> [GOAL OF THE EXERCISE]
The response consists of the lines from the start of the material below through the line holding "First, let's import", repeated word for word and without pictures.

....................

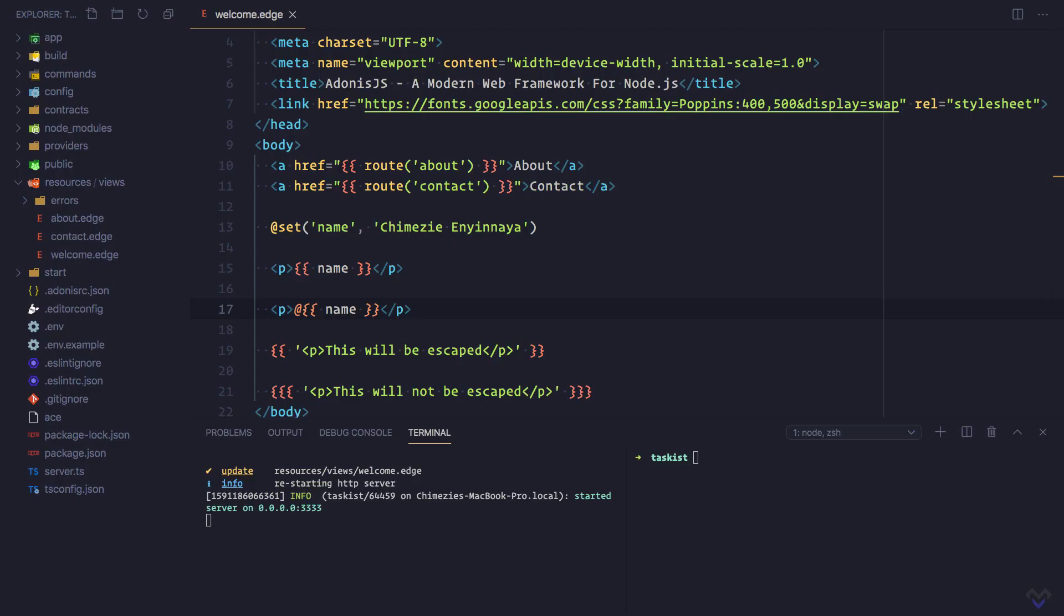Ideally, we would need to pass data to our views, be it from the database, the HTTP context, or even computational data. Let's see how we can do that in this lesson.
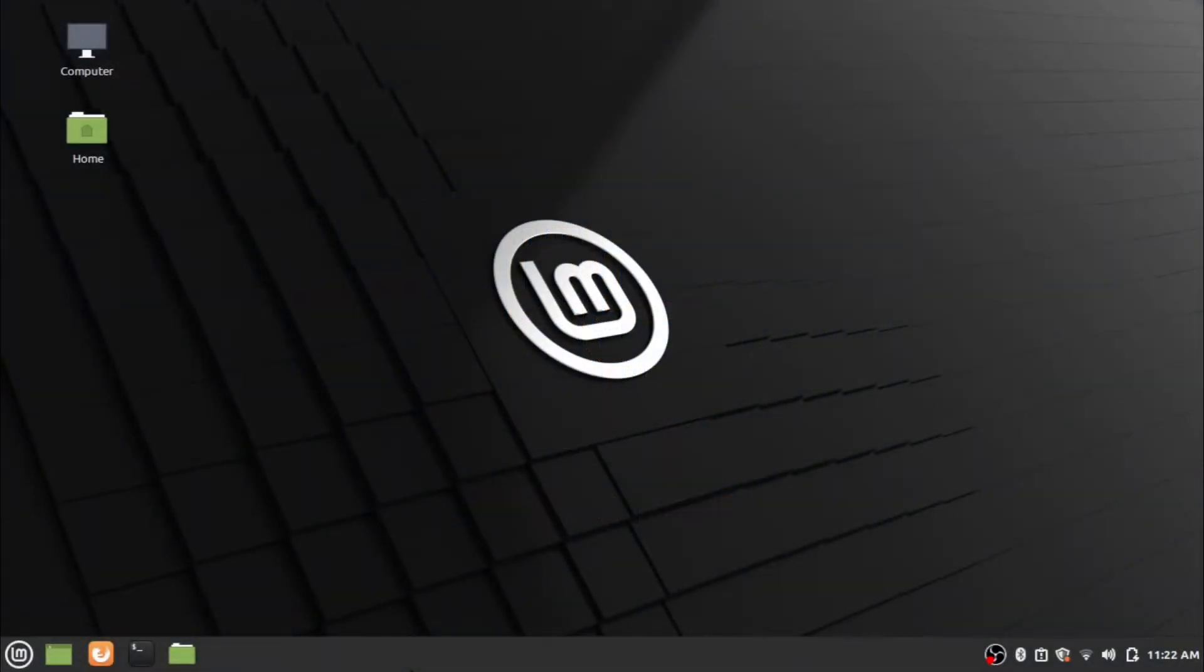Hi everyone, welcome back to another video of What and How channel. Today we are looking at installation of Flutter in Linux. I am using Linux Mint edition for the installation purpose.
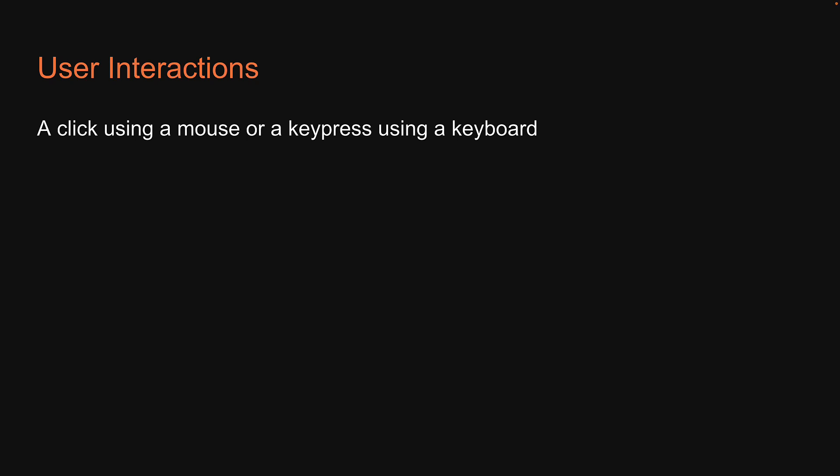Welcome back. When you develop applications, more often than not, it is going to involve some sort of a user interaction. For example, a click using a mouse or a key press using a keyboard.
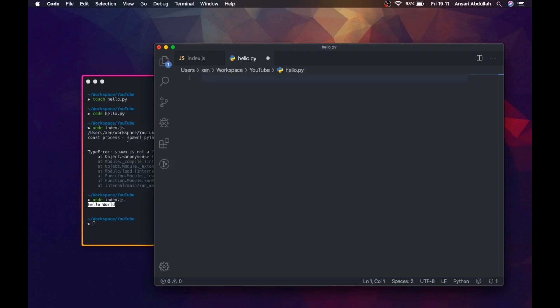First, let's import the system module which will allow us to get the parameters passed to the file.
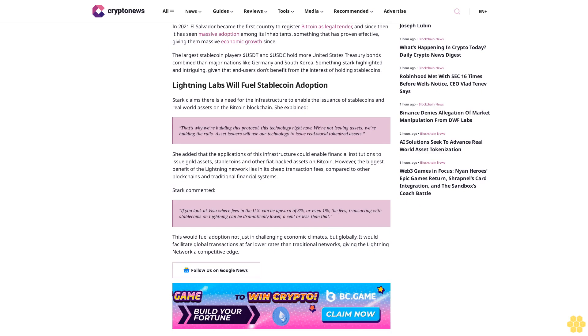This would fuel adoption not just in challenging economic climates but globally. It would facilitate global transactions at far lower rates than traditional networks, giving the Lightning Network a competitive edge.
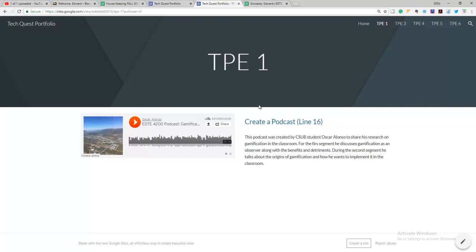And here on TPE one, it says create a podcast line 16. So you put whatever it is that you made, and this was a really nice one made by a former student. He took his, it was 25 minutes, but it was a really good, engaging podcast.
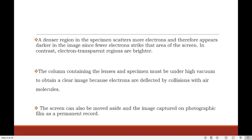In contrast, electron-transparent regions are brighter. The column containing lenses and specimen must be under high vacuum to obtain a clear image, because electrons are deflected by collisions with air molecules. The screen can also be moved aside and the image captured on photographic film as a permanent record.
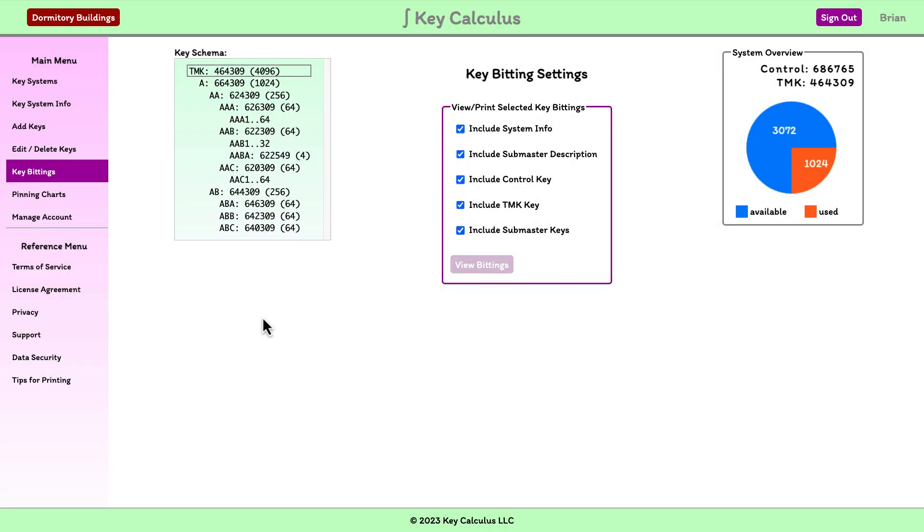In this video we will look at pinning charts. Pinning charts are small tables of numbers that show you which pin segments to put into the cores and in what order.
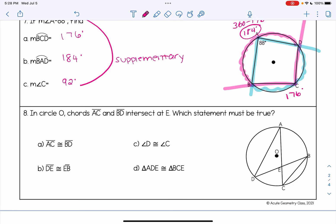For the last question: in circle O, chords AC and BD intersect at E — which statement must be true? For choice A, we have no reason to believe the chords are congruent, so we cross that off. For choice B, DE congruent to EB looks possible from the picture, but there's no mathematical reason to back it up. Choice C says angle D is congruent to angle C. Looking at the picture, both angle D and angle C are inscribed angles.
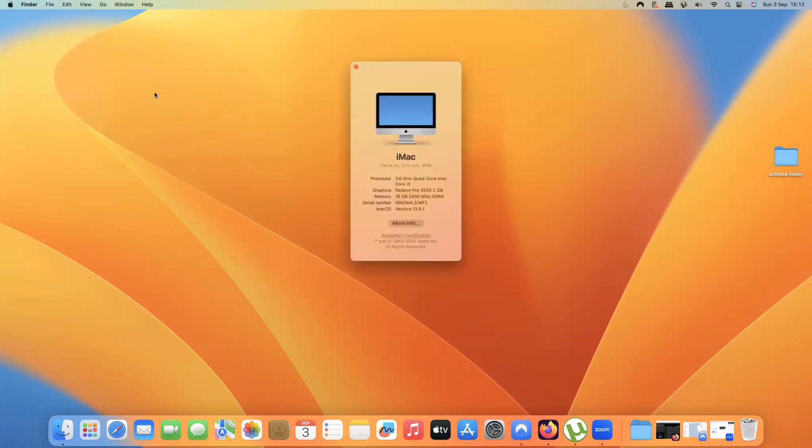Simply click on there and up pops the quick settings, the quick information which tells me it's an iMac, it's a Retina 4K, the size and the date, so 2019.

....................

> [SOLUTION TO THIS EXERCISE]
Ideally, we would need to pass data to our views, be it from the database, the HTTP context, or even computational data. Let's see how we can do that in this lesson.
Hi everyone, welcome back to another video of What and How channel. Today we are looking at installation of Flutter in Linux. I am using Linux Mint edition for the installation purpose.
Welcome back. When you develop applications, more often than not, it is going to involve some sort of a user interaction. For example, a click using a mouse or a key press using a keyboard.
First, let's import the system module which will allow us to get the parameters passed to the file.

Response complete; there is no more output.